Organelle Biology, Biotechnology and Molecular Ecophysiology
Research in the Department of Professor Dr Ralph Bock focuses on the biology of the two DNA-containing cell organelles in plants, plastids (chloroplasts) and mitochondria, and their integration with the nucleocytosolic compartment.
The overarching scientific question addressed by the research groups in the Department is:
How do the genetic systems of plastids and mitochondria function, and how do they co-operate with the nuclear genome to facilitate coordinated genetic and physiological responses to changing environmental conditions and developmental programs?
Groups in the Department study the mechanisms and regulation of organellar gene expression at all levels (from transcription to protein complex assembly), the communication of organelles with the nucleus (anterograde and retrograde signalling pathways), the bioenergetic pathways residing in chloroplasts and mitochondria (photosynthesis and respiration), and their integration into the biochemical networks of the cell and the physiology of the whole plant.

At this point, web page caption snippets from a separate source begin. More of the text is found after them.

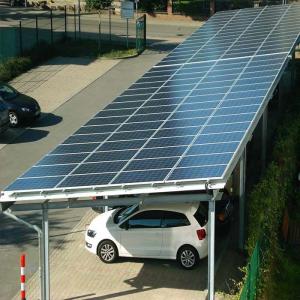 China 10deg HDG Steel Solar Panel Racking System For Parking Lot factory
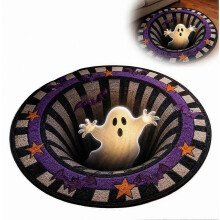 Χαλί 3D Halloween 60cm στρογγυλό βελούδινο κρύσταλλο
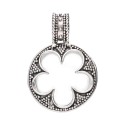 Small Flat Gotland Pendant in Sterling Silver 925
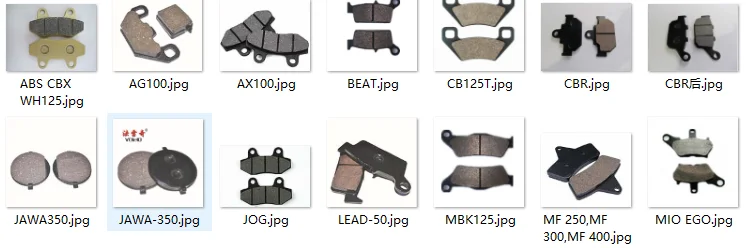 Hot sell JOG motorcycle spare part brake pad for motorcycle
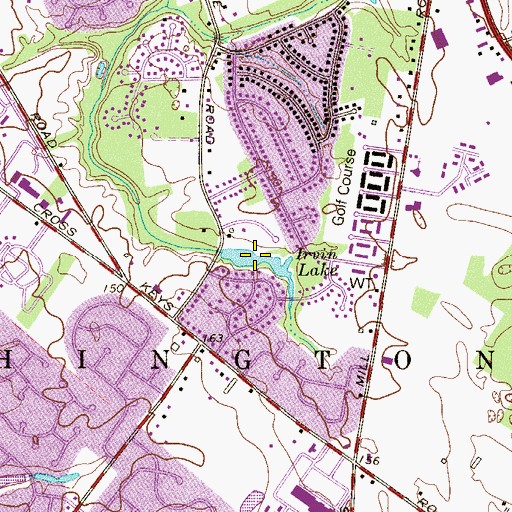 Topographic Map of Irvin Lake, NJ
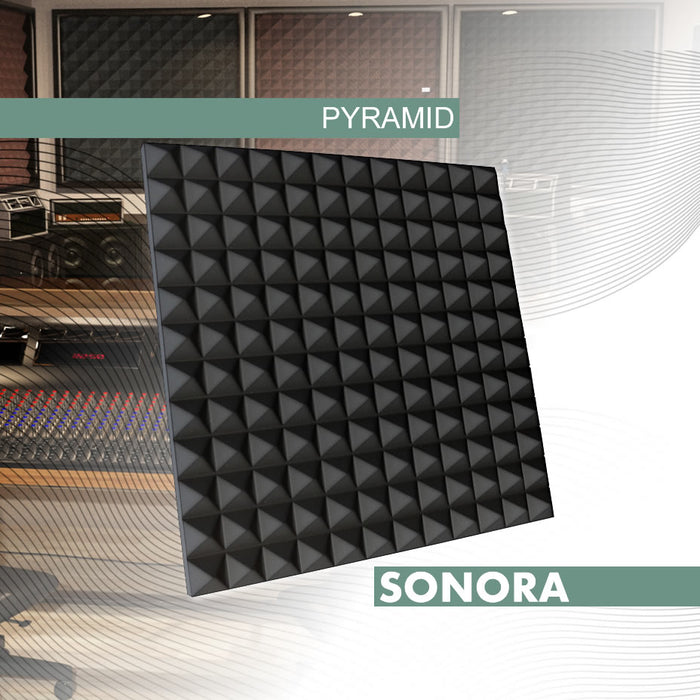 Sonora PYRAMID 12 pannelli assorbitore acustico 50x50x5 cm / 3 mq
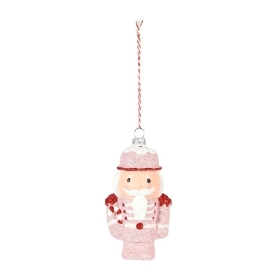 Pink Soldier & Candy Cane 12cm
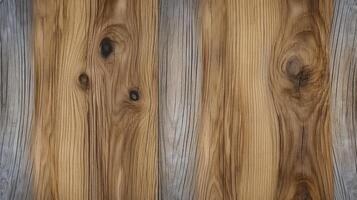 topp se av naturlig trä textur i hög upplösning Begagnade kontor och Hem inredning, generativ ai. foto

The new knowledge acquired about gene expression and its control in both the organelles and the nucleus is continuously integrated into the Department’s applied research projects in genetic engineering, experimental genome evolution, biotechnology and synthetic biology.
The main model organisms currently used in the Department’s research are Arabidopsis, tobacco and other Solanaceous species (tomato, potato), the model green alga Chlamydomonas reinhardtii, the unicellular red alga Porphyridium purpureum, coccolithophorid algae and evening primroses (genus Oenothera). Ongoing research work employs a wide spectrum of cutting-edge technologies, including genomic, transcriptomic, proteomic, and metabolomic techniques. In addition, new tools and technologies for transgenic research, synthetic biology and systems biology in plants and eukaryotic algae are developed and made available to the scientific community.